Labor shortages in 2023 have challenged some industries more than others.
A recent analysis published by the U.S. Chamber of commerce highlighted specific industries that have been experiencing the brunt of labor shortages in recent years. These retention challenges were caused in-part by The Great Resignation, where over 50 million workers left their jobs in 2022 — following 47.8 million who did the same in 2021.
The Chamber of Commerce found that industries requiring in-person attendance and those traditionally offering lower wages, such as food service and hospitality, have faced challenges in retaining workers in 2023. The Accommodation and Food Services sector, for instance, has seen quit rates consistently above 4.9% since July 2021. In contrast, the report found that the health care and social assistance sector, despite a high number of job openings, has maintained a relatively low quit rate.
Other industries experiencing above-average labor shortages, as highlighted by the U.S. Chamber of Commerce, are:
- Retail Trade: The quit rate for the retail trade industry has been around 3.3% in 2023, which is higher than the national average quit rate of 2.6% as of March 2023, according to the analysis.
- Transportation: The transportation industry is reported to be among those with the highest numbers of job openings, suggesting a significant labor shortage.
- Health Care and Social Assistance: This industry is reported to have a high number of job openings. However, it also has maintained a relatively low quit rate. The sheer number of job vacancies is also suggestive of an industry experiencing a labor shortage.
- Durable Goods Manufacturing: This industry is reported to have “more unfilled job openings than unemployed workers with experience in their respective industry.” According to the U.S. Chamber of Commerce, if every “unemployed individual with experience in the durable goods manufacturing industry were employed, the industry would fill only around 75% of the vacant jobs.”
- Manufacturing: The manufacturing industry is reported to have lost approximately 1.4 million jobs at the onset of the pandemic and has since struggled to fill job vacancies. As of March 2023, the U.S. Chamber of Commerce reports that there were 693,000 open manufacturing jobs.
According to the U.S. Chamber of Commerce, hiring rates have consistently exceeded quit rates since November 2020, suggesting that while there were many workers leaving their jobs, they were also finding new employment elsewhere.
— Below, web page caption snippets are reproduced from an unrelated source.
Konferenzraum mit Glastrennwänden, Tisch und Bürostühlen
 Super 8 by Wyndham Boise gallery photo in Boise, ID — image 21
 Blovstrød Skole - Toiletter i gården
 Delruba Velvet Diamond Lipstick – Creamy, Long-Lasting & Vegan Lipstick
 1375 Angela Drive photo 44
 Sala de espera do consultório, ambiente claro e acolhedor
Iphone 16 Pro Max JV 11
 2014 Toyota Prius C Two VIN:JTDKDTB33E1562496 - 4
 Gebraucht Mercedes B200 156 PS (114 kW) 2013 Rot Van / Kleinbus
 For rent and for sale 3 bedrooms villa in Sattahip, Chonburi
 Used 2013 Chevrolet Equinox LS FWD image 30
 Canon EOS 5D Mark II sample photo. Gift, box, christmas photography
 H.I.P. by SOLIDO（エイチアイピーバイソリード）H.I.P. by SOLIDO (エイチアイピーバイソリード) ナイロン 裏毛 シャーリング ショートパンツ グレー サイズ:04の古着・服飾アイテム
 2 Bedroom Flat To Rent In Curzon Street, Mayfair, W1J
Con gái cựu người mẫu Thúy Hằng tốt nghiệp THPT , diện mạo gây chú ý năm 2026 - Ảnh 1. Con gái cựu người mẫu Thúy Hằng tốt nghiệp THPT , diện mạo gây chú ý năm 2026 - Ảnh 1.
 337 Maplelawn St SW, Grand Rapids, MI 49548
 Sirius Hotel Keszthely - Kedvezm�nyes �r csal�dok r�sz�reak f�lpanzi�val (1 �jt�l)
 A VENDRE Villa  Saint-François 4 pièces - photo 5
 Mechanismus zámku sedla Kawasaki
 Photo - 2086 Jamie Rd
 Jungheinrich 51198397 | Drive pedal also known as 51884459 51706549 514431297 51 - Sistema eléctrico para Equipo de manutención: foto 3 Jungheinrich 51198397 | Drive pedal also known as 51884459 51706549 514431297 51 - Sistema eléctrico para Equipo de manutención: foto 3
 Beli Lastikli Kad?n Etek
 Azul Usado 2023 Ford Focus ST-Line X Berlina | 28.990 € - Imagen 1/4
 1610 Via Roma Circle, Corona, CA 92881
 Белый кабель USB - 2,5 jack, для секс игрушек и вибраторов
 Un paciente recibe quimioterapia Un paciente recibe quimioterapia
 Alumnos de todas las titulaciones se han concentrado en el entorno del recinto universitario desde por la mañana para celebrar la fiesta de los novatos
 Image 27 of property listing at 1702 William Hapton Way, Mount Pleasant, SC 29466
There are unique factors that are found to be contributing to the ongoing labor shortages felt in 2023. The data points to remote work preferences having an influential role in reshaping the labor landscape. The changing preferences towards remote and hybrid work has been particularly evident in sectors like finance, management, and IT/telecommunication. Despite major calls for a return to the office which has caused new remote work opportunities to decrease recently, the preference by workers still remains significantly higher than pre-pandemic levels.
Solutions to labor shortages and employee retention are diverse, with no one-size-fits-all answer. For businesses leaders and employers, these workforce trends show the importance of adaptability. To attract and retain top talent, many companies have implemented hybrid work models, flexible scheduling, and other innovative benefits.
The increasing number of workers seeking better work-life balance, flexibility, and meaningful company culture is likely to persist in the coming years with Gen Z seeking better opportunities and adding to the already multigenerational melting pot of work-life preferences. As industries grapple with these changes, the ability to adapt and offer competitive benefits will be important to grow and remain competitive. The U.S. Chamber of Commerce emphasizes the importance of businesses taking proactive steps, such as expanding childcare access and offering opportunities for upskilling.